Menurut Arab Jahiliyyah, wanita hanyalah aib dan beban keluarga. Sehingga ia lebih baik dibunuh sebelum ia tumbuh dewasa. Allah ﷻ berfirman,
﴿وَإِذَا بُشِّرَ أَحَدُهُم بِالْأُنثَىٰ ظَلَّ وَجْهُهُ مُسْوَدًّا وَهُوَ كَظِيمٌ ٥٨ يَتَوَارَىٰ مِنَ الْقَوْمِ مِن سُوءِ مَا بُشِّرَ بِهِۚ أَيُمْسِكُهُ عَلَىٰ هُونٍ أَمْ يَدُسُّهُ فِي التُّرَابِۗ أَلَا سَاءَ مَا يَحْكُمُونَ ٥٩ ﴾
“Dan apabila seseorang dari mereka diberi kabar dengan (kelahiran) anak perempuan, hitamlah (merah padamlah) mukanya, dan dia sangat marah. Ia menyembunyikan dirinya dari orang banyak, disebabkan buruknya berita yang disampaikan kepadanya. Apakah dia akan memeliharanya dengan menanggung kehinaan ataukah akan menguburkannya ke dalam tanah (hidup-hidup)?. Ketahuilah, alangkah buruknya apa yang mereka tetapkan itu.” (QS. An-Nahl: 58-59)

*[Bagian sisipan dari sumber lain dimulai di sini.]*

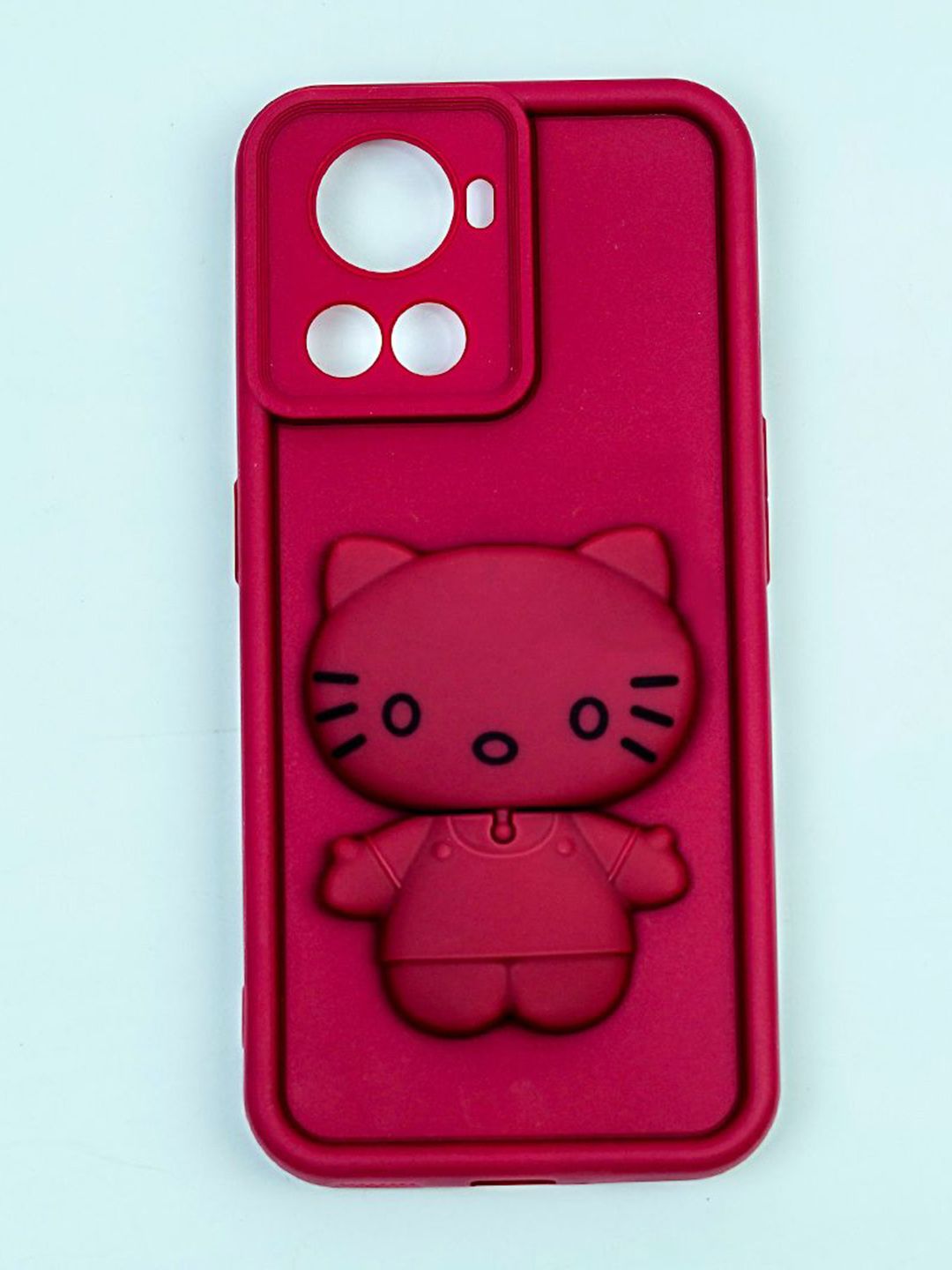 PEEPERLY Women OnePlus 10R Meow Makeup Mirror Back Case-picture-38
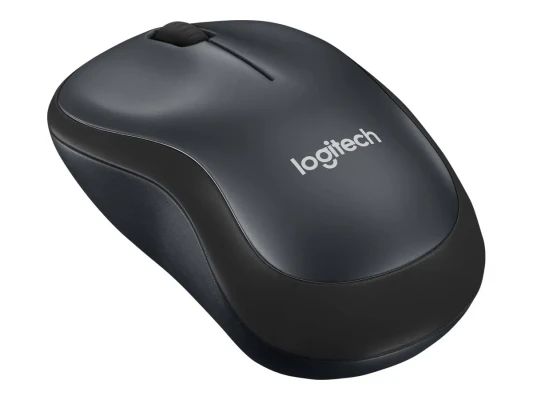 Logitech  |  Mouse  |  M220 SILENT  |  Wireless  |  USB  |  Charcoal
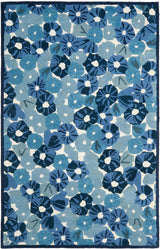 Safavieh Martha Stewart Msr3625A Azurite Blue Rugs.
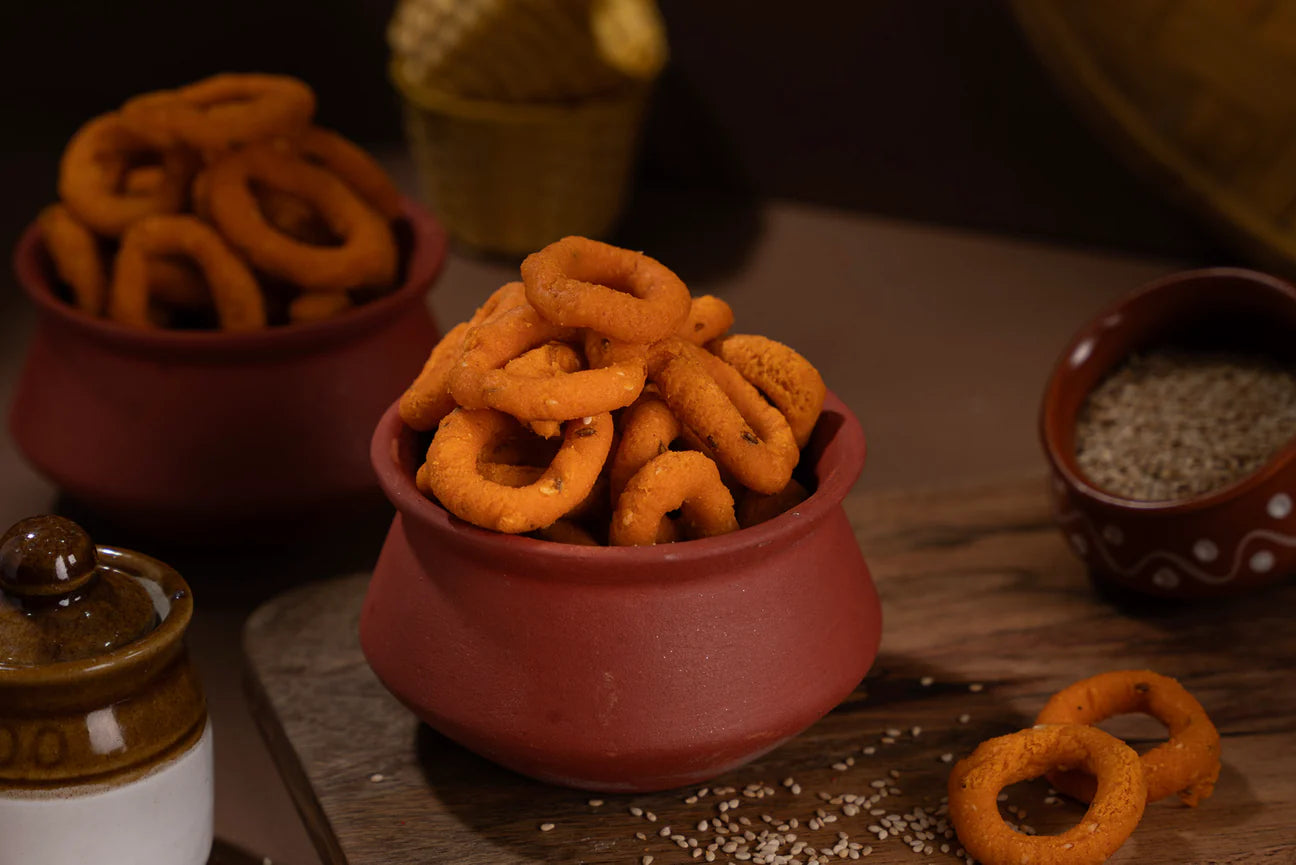 Pothgaal Sweet Spicy Chagodi - 300 gms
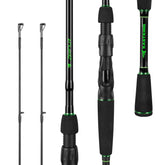 KastKing Zephyr rod shown in lightweight IM6 graphite for sensitive casting.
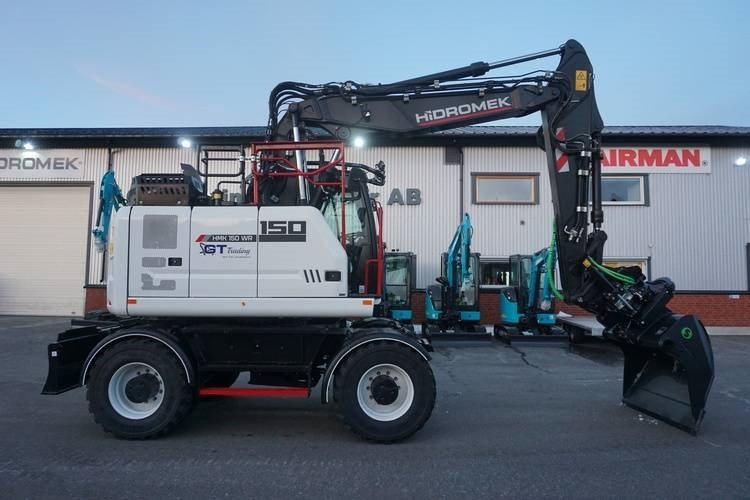 Hidromek HMK 150WR-5 *Uthyres* - Wheel excavator: picture 5 Hidromek HMK 150WR-5 *Uthyres* - Wheel excavator: picture 5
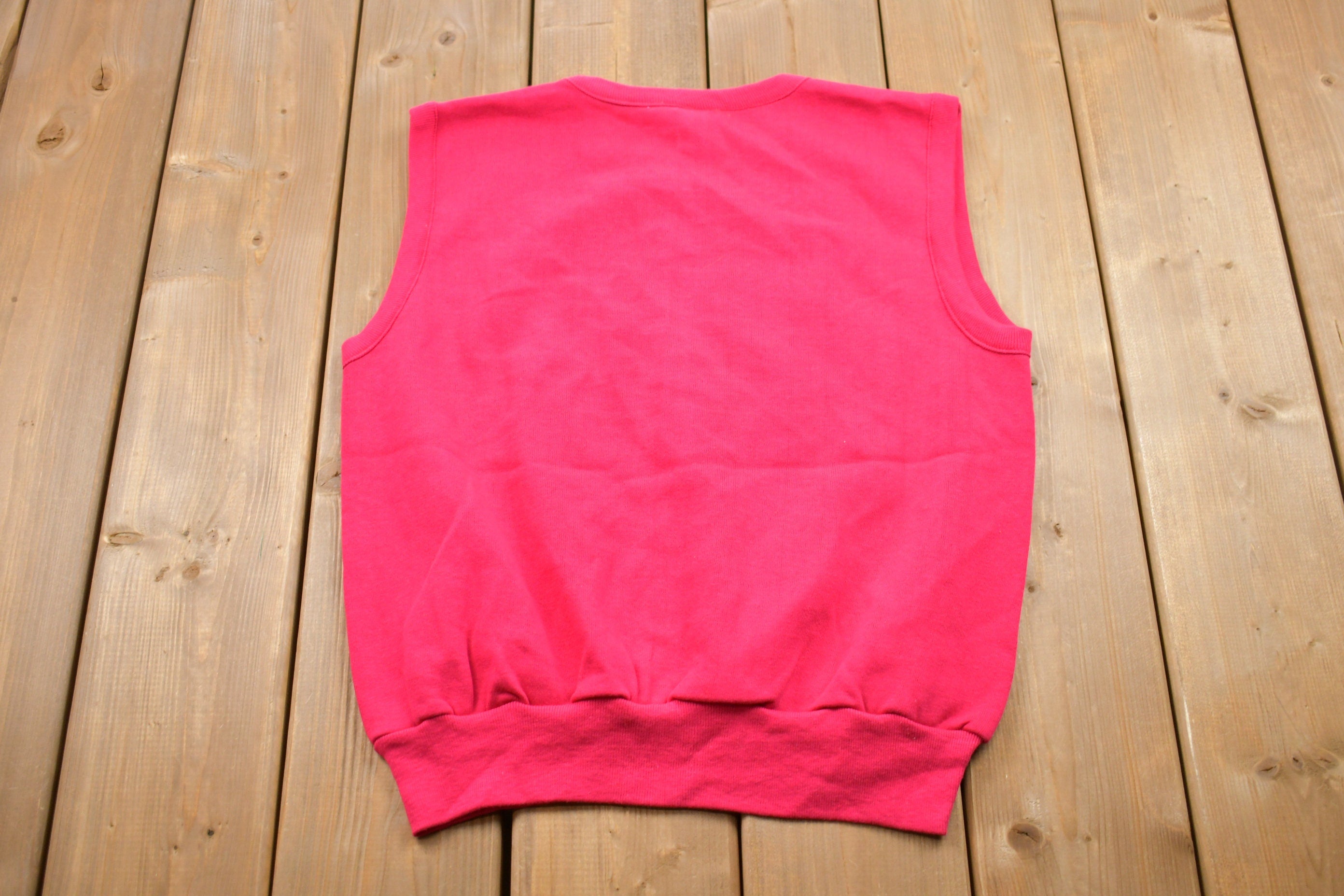Vintage 1980s Pullover Sweater Vest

Tentunya ini hanya dilakukan oleh sebagian kabilah Arab, bukan seluruhnya. Al-Alusi mengisahkan, bahwasanya dahulu ada suatu suku Arab yang menyerang suku Arab lainnya. Suku yang menyerang pun menawan para wanita dari suku yang diserang. Setelah dilakukan proses negosiasi, dicapailah perjanjian damai, dan para wanita yang ditawan pun dikembalikan kepada keluarganya masing-masing. Namun rupanya ada satu wanita yang enggan kembali kepada keluarganya. Ternyata wanita tersebut adalah putri dari kepala suku yang diserang. Mengetahui hal itu, si kepala suku pun sangat malu dan marah, dan akhirnya bernazar bahwa jika ia diberikan anak wanita, maka dia akan membunuhnya. Dia tidak ingin dipermalukan untuk kedua kalinya. Demikianlah, setan menghiasi perbuatan si kepala suku, hingga akhirnya perbuatan tersebut menjadi suatu tradisi sepeninggalnya.([3])

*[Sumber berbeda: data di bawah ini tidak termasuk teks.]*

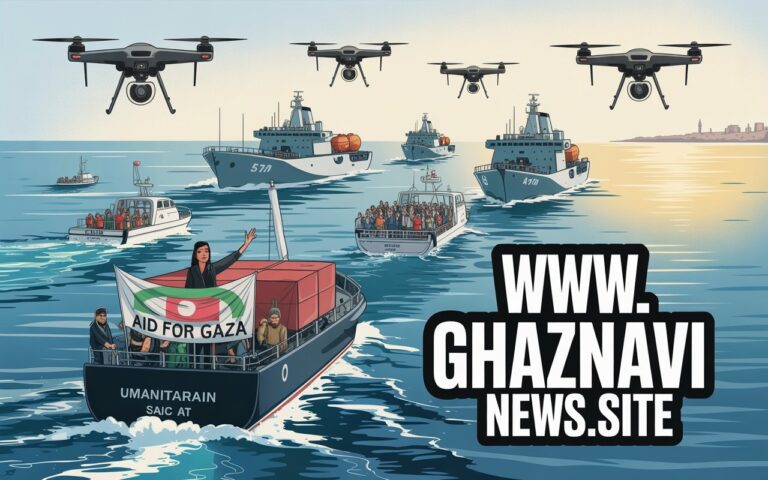 Italy and Spain Deploy Naval Forces for Gaza Flotilla Amid Drone Attacks 4 Italy and Spain deploy naval forces for the Gaza Flotilla after reports of drone attacks near Greece. Activists, including Greta Thunberg, allege harassment as humanitarian aid ships sail toward Gaza.
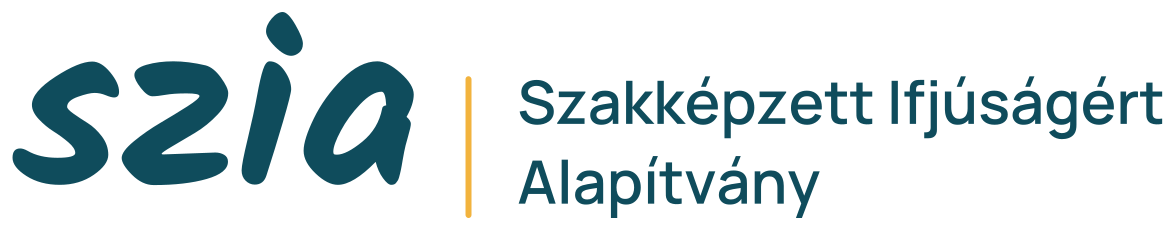 szia – Szakképzett Ifjúságért Alapítvány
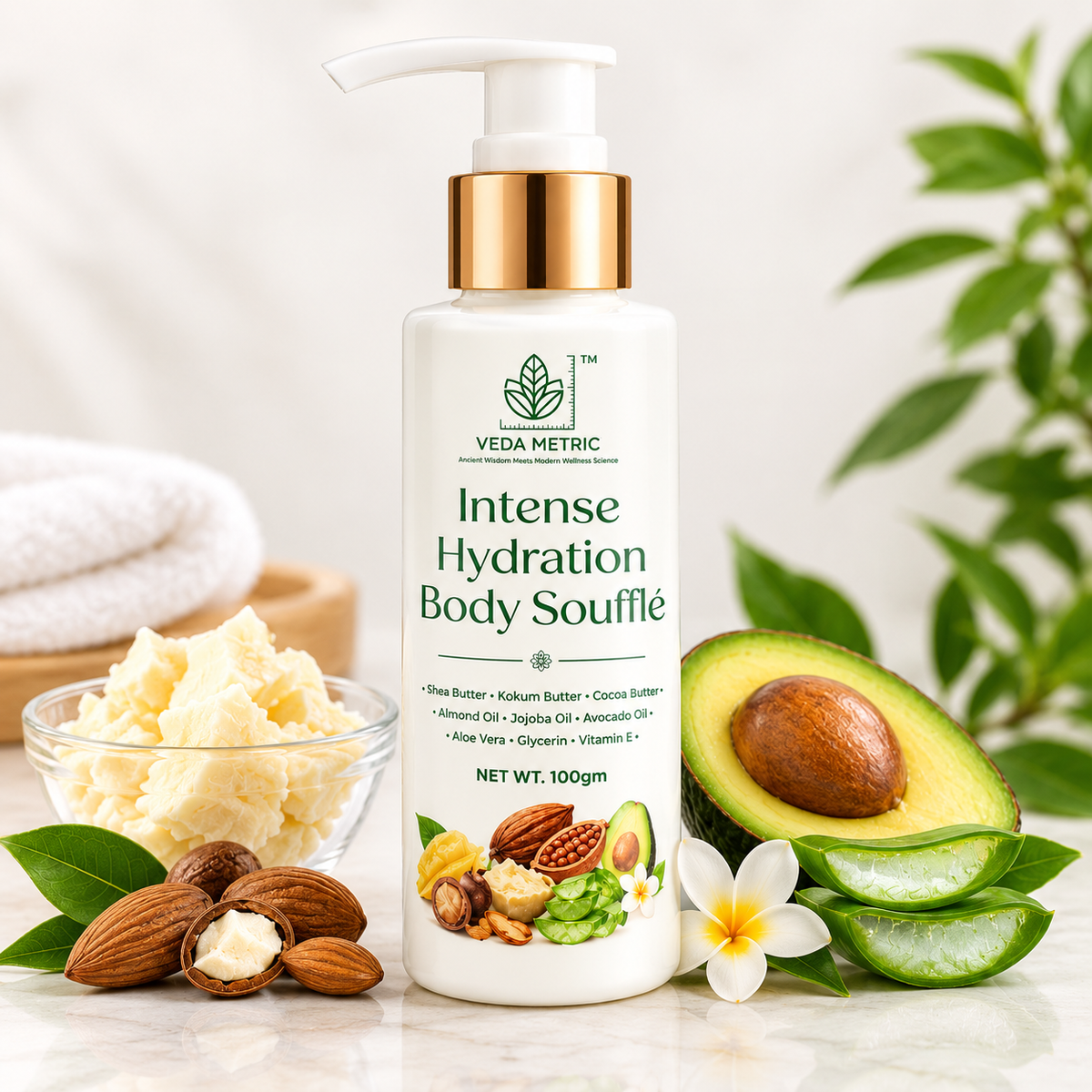 Intense Hydration Body Souffle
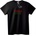 NOONEBRAND Тениска Holiday Cheers - S, Black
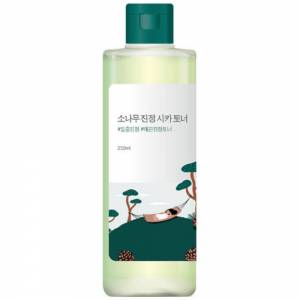 Тоник с экстрактами сосны и центеллы Round Lab Pine Calming Cica Toner - 250 мл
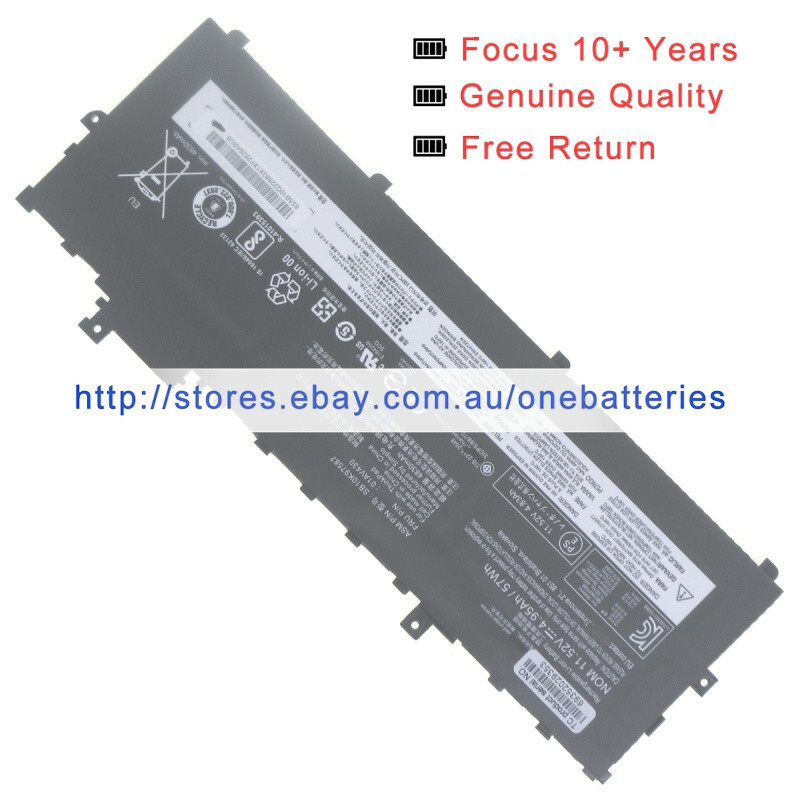 New SB10K97588 SB10K97587 SB10K97586 battery for Lenovo ThinkPad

Hal seperti ini sangat mungkin terjadi. Contoh zaman sekarang adalah merokok, orang yang pertama kali merokok pasti akan batuk dan lainnya. Akan tetapi, setan menghiasi bahwa merokok adalah perbuatan yang keren sehingga banyak orang tetap merokok.

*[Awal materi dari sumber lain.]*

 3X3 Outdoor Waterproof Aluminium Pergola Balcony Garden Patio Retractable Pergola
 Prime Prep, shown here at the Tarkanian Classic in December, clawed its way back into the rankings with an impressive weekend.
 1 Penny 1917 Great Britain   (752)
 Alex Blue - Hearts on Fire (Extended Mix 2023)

Kedua: Membunuh sebagian anak lelaki, sebagai bentuk syukur kepada Allah ﷻ.
Sebagaimana dikisahkan tentang Abdul Muththalib yang bernazar, jika diberikan sepuluh anak lelaki, maka dia akan menyembelih salah satunya. Ternyata benar, Allah ﷻ pun memberikan kepadanya sepuluh anak lelaki. Abdul Muththalib pun melalukan undian, untuk menentukan siapa di antara putranya yang akan disembelih. Namun ternyata, setelah beberapa kali undian tersebut dilangsungkan, nama Abdullah lah yang terus keluar. Karena Abdullah, yang merupakan ayah dari Nabi Muhammad ﷺ, merupakan putra kesayangannya, Abdul Muththalib tak sanggup untuk memenuhi nazarnya. Akhirnya ia pun menebus Abdullah dengan menyembelih 100 ekor unta.
Setan menghiasi perbuatan membunuh anak agar mereka terjerumus dalam kebinasaan dan agar agama mereka menjadi rancu. Kita lihat bagaimana rasa kemanusiaan mereka bisa hilang dengan membunuh anak mereka sendiri.
Lalu Allah ﷻ menjelaskan bahwa jikalau Allah ﷻ berkehendak maka niscaya mereka tidak akan melakukan perbuatan tersebut. Hal ini merupakan dalil bahwa takdir yang baik dan buruk tidaklah terjadi kecuali atas kehendak Allah ﷻ.
Ini juga bantahan terhadap Qadariyah, yang mengatakan bahwa Allah ﷻ hanya menghendaki yang baik, adapun hal yang buruk tidaklah terjadi atas kehendak Allah ﷻ. Karena perkataan inilah, mereka dijuluki sebagai “Majusi umat ini”([4]). Orang-orang Majusi meyakini adanya dua Tuhan, yaitu Tuhan api yang menciptakan kebaikan, dan Tuhan kegelapan yang menciptakan keburukan. Jadi, ketika orang-orang Qadariyah berkeyakinan bahwa Allah ﷻ hanya menghendaki kebaikan dan tidak menciptakan keburukan, maka seakan-akan mereka juga meyakini ada sesuatu selain Allah ﷻ yang menghendaki dan menciptakan keburukan, layaknya keyakinan Majusi.
Adapun Ahlusunah, mereka meyakini bahwa semuanya dikehendaki oleh Allah ﷻ, dan di balik setiap kehendak dan keputusan Allah ﷻ pasti terdapat hikmah luar biasa, yang seringkali tidak kita ketahui. Sebagaimana Allah ﷻ menciptakan Iblis dan diizinkan untuk menggoda manusia, karena hikmah-Nya yang tidak kita ketahui.
______________
Footnote :
([1]) Lihat: Tafsir al-Baghawi (2/162).
([2]) Lihat: Tafsir al-Qurthubi (7/91).